Siamo a Milano per vedere «Due giorni, una notte» e in sala c’è un gruppetto di operai, una delegazione di consulenti a partita Iva e un pugno di ricercatori dell’universitari, in gergo «precari assegnisti». Paola è una funzionaria della Fiom ed è la prima a prendere la parola dopo i titoli di coda. Per lei il film è «veritiero», rende benissimo lo spirito del tempo ovvero la paura di essere licenziati da un momento all’altro. Luisa invece è una professionista a partita Iva, racconta come la paura per lei consiste nel cliente che non ti paga o che da un giorno all’altro ti toglie l’incarico.
Sullo schermo la protagonista è l’operaia Sandra alle prese con la depressione che l’ha tenuta a casa per qualche mese e con i suoi compagni che devono fare i conti con un ricatto del padrone. «Se volete che lei ritorni regolarmente in fabbrica dovete rinunciare al vostro bonus di mille euro».
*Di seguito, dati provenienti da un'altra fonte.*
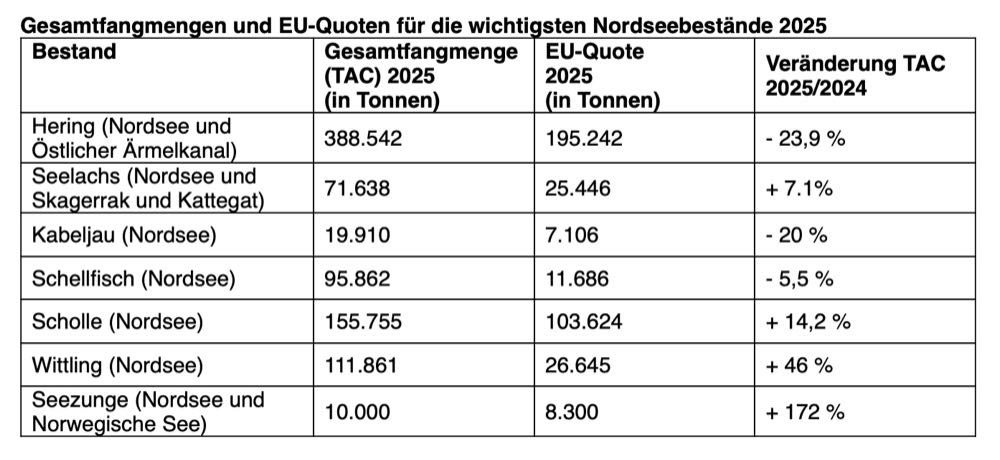 Nordsee/Nordostatlantik: Mehr Seelachs und Scholle, weniger Kabeljau und Hering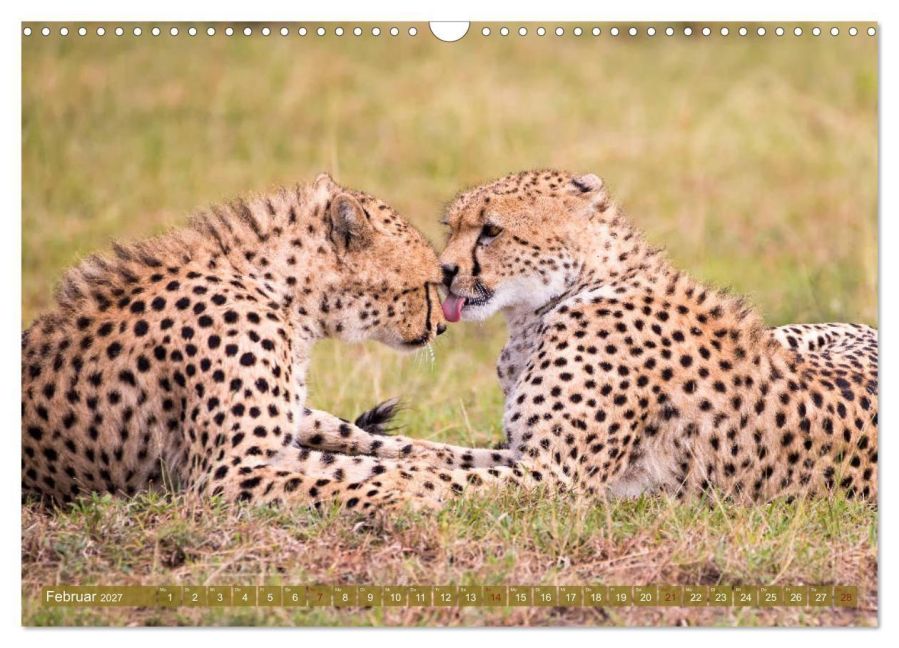 InsideView 7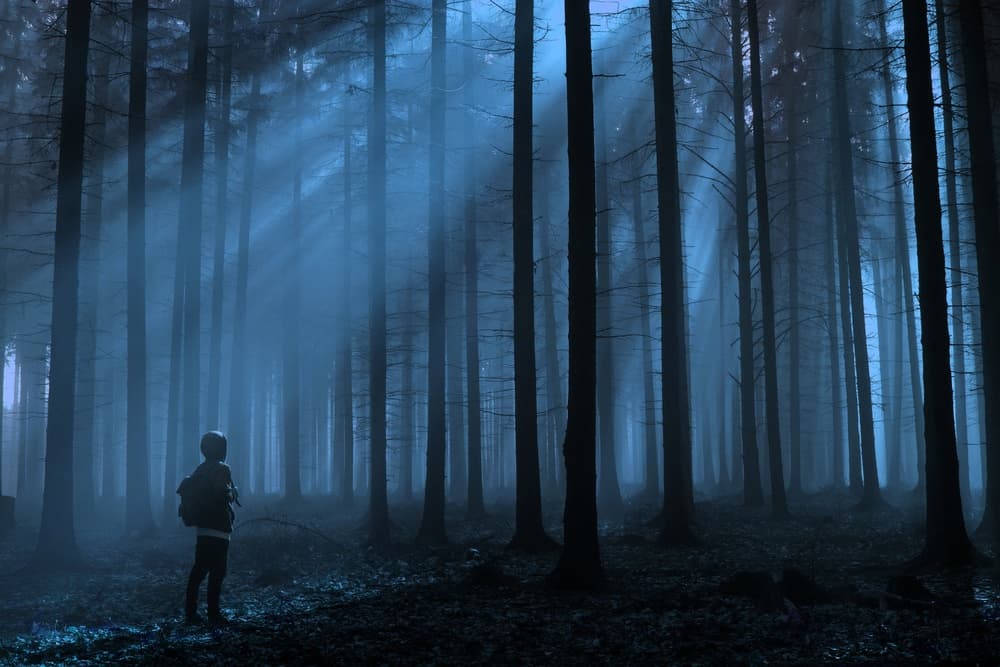 Ethereal Forest Light by David Charouz — canvas wall art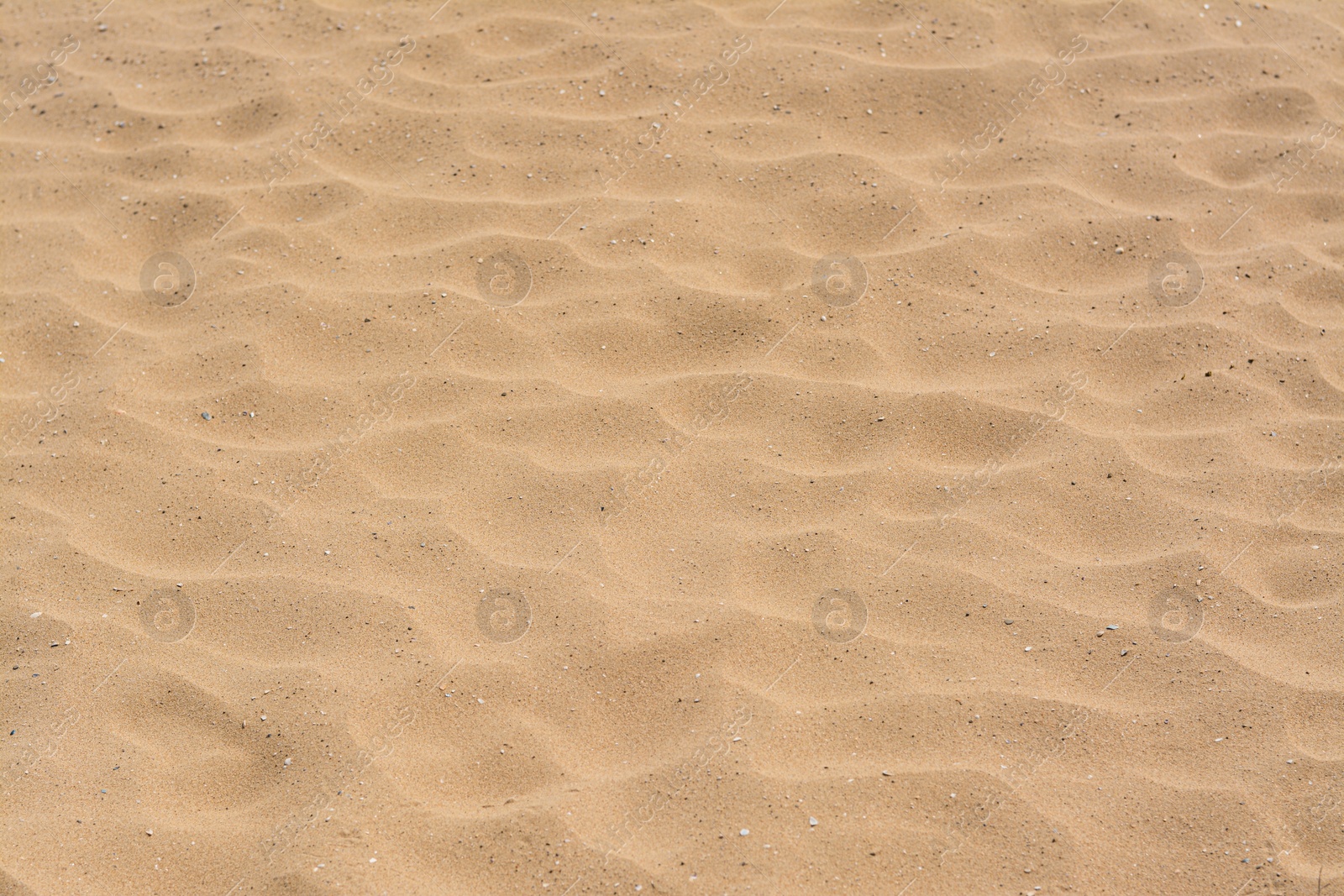 Photo of Texture of sandy beach as background, closeup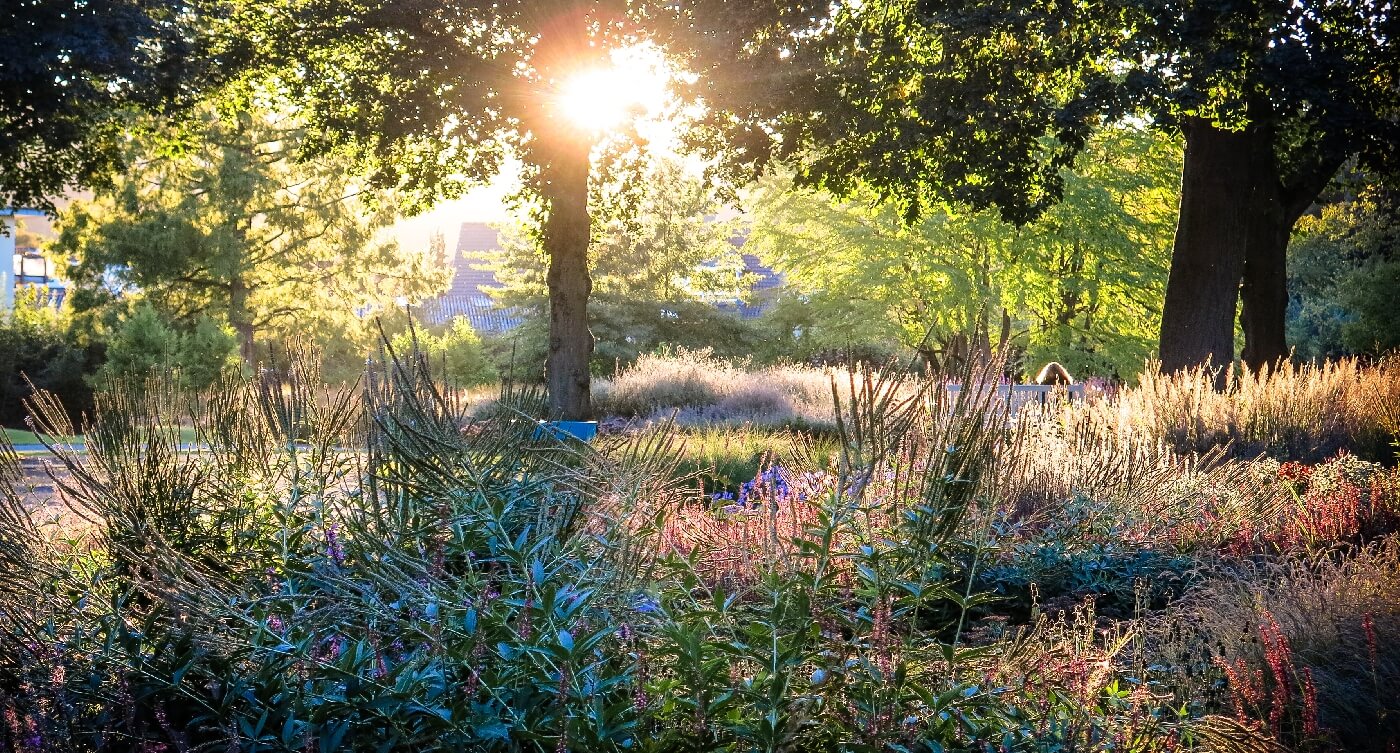 FRÜHBLÜHENDE GRÄSER FÜR DEN SOMMERGARTEN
Antonino, anche lui della Fiom, è un delegato della Nokia Siemens ed è stato messo fuori assieme ad altri 113 dipendenti. Si immedesima nella storia belga e racconta di un licenziamento avvenuto via mail «e per giunta di venerdì» e di tre-esposti-tre che i colleghi rimasti a lavorare hanno presentato contro chi, come lui, continua la lotta contro l’azienda e organizza periodicamente dei presidi ai cancelli. La Grande Crisi, dunque, ha azzerato il sentimento di solidarietà anche nelle grandi aziende a forte sindacalizzazione, figuriamoci – sottolinea Antonino – cosa può accadere nelle piccole imprese. E i Dardenne parlano proprio di una piccola azienda di pannelli solari con 16 dipendenti.
La Sandra interpretata magistralmente da Marion Cotillard ci appare come un’operaia senza particolare professionalità, ha marito e due figli e di fronte al terrore di perdere il posto trova la forza di interpellare a uno a uno i suoi compagni di lavoro perché trovino la forza di rinunciare ai mille euro. Si va a un drammatico referendum (l’esito non lo riveleremo) e il coraggio di Sandra piace al nostro pubblico, il suo riscatto conquista tute blu, partite Iva e ricercatori.
Commenta Enrica: «Quando lei chiede ai compagni di aiutarla sembra che quasi stia chiedendo l’elemosina e la stessa sensazione la vi vo io quando da free lance devo chiedere il pagamento di un lavoro e sono portata a sperare nella bontà del cliente più che nei miei diritti». Cari operai, dunque, se voi lamentate la fine di un mondo con tanta forza sindacale e tanta coesione, sappiate che chi come noi è esposto ogni giorno al mercato quelle cose nemmeno se le sogna. «La solidarietà tra free lance esiste ma si chiama network, si collabora e ci si passa i clienti. Facciamo rete. Ma è tutto costruito sul rapporto fiduciario, non c’è mai un contratto da far valere».
In sala ci sono anche i giovani ricercatori-precari: sono uniti dal credere, tutti, nel ruolo dell’università e nell’autonomia della ricerca pubblica. C’è in loro il senso di una missione e dei sacrifici necessari per onorarla. La motivazione per ora batte la solitudine.